E’ stata firmata oggi (30 settembre) a Palazzo Widmann l’acquisizione dell’ex caserma Reatto nel cuore di Bressanone, che sancisce il passaggio alla Provincia di tre edifici residenziali e 23.700 metri cubi di volume su un’area di 8.150 metri quadrati. Il valore dell’areale è di 11,66 milioni di euro. In mattinata il presidente della Provincia Arno Kompatscher e il direttore regionale dell’Agenzia del Demanio Sebastiano Caizza hanno firmato il contratto per il trasferimento dell’area militare. “Con la firma di oggi una zona centrale della città verrà restituita ai cittadini di Bressanone”, ha dichiarato il presidente Arno Kompatscher, che vede nell’edilizia popolare una possibile destinazione per l’area. L’Istituto per l’edilizia sociale (IPES) potrebbe così rilevare edifici ben conservati e coprire parte della crescente domanda di alloggi pubblici. Un gruppo di lavoro sta attualmente esaminando le possibilità di utilizzo. I tre edifici si trovano in diversi stati di conservazione. L’edificio più datato, risalente agli anni ’30, ospita 13 appartamenti e una foresteria. Gli altri due edifici residenziali, costruiti negli anni ’90, ospitano rispettivamente cinque o otto appartamenti, ciascuno di 130 metri quadrati.

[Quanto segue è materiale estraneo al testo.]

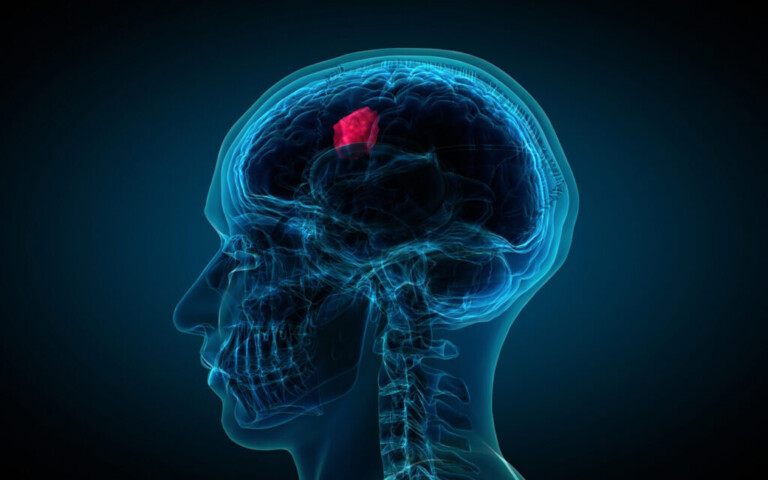 όγκος-στον-εγκέφαλο-7-προειδοποιητικά-845879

Il percorso verso l’acquisizione

Le condizioni per l’acquisizione dell’area della caserma a Bressanone sono state create a maggio di quest’anno: la Provincia aveva costruito sul terreno della caserma Menini de Caroli a Vipiteno due edifici residenziali per le famiglie del 5° Reggimento Alpini, per un totale di 36 appartamenti, ristrutturando anche la palestra della caserma. La consegna simbolica delle chiavi era avvenuta a maggio alla presenza dell’allora ministro della Difesa Elisabetta Trenta. Dopo l’inventariazione dettagliata dei beni, l’odierna firma dell’acquisizione rappresenta l’ultimo step dell’accordo di permuta. L’accordo di permuta fra Stato e Provincia stilato nel 2007 prevede che lo Stato ceda all’amministrazione altoatesina immobili inutilizzati ubicati in Alto Adige, a fronte dello svolgimento di lavori di costruzione e ristrutturazione sulle proprietà dell’Esercito. L’attuazione di questo accordo ha già visto il passaggio alla Provincia delle aree dell’ex caserma Mercanti ad Appiano, della caserma Schenoni a Bressanone e della caserma Verdone a Varna. Con l’acquisizione dell’area dell’ex Reatto a Bressanone e in cambio della costruzione di appartamenti per le famiglie dei membri dell’esercito si è dunque compiuto un nuovo passo verso l’attuazione complessiva dell’accordo.